(About this task)
Set down exactly the lines below, starting at the one that contains "Yelete Leopard Animal" and ending at the one that contains "Avenue Sparkly Tunic", with both of those lines included and nothing else.

═══ Given entries

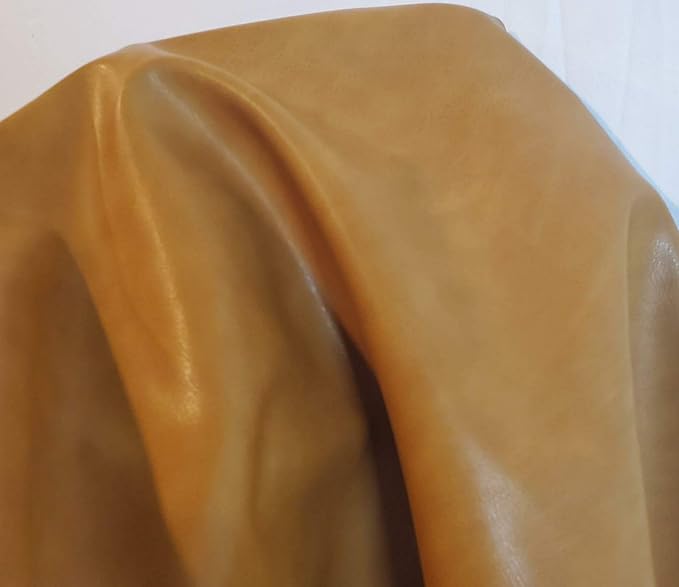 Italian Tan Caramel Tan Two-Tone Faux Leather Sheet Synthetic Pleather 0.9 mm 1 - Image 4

══════
═══ Given entries

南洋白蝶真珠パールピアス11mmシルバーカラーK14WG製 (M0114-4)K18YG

══════
═══ Given entries

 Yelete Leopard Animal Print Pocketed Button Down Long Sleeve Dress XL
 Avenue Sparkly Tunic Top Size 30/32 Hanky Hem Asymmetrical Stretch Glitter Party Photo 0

══════

(Exercise solution)
 Yelete Leopard Animal Print Pocketed Button Down Long Sleeve Dress XL
 Avenue Sparkly Tunic Top Size 30/32 Hanky Hem Asymmetrical Stretch Glitter Party Photo 0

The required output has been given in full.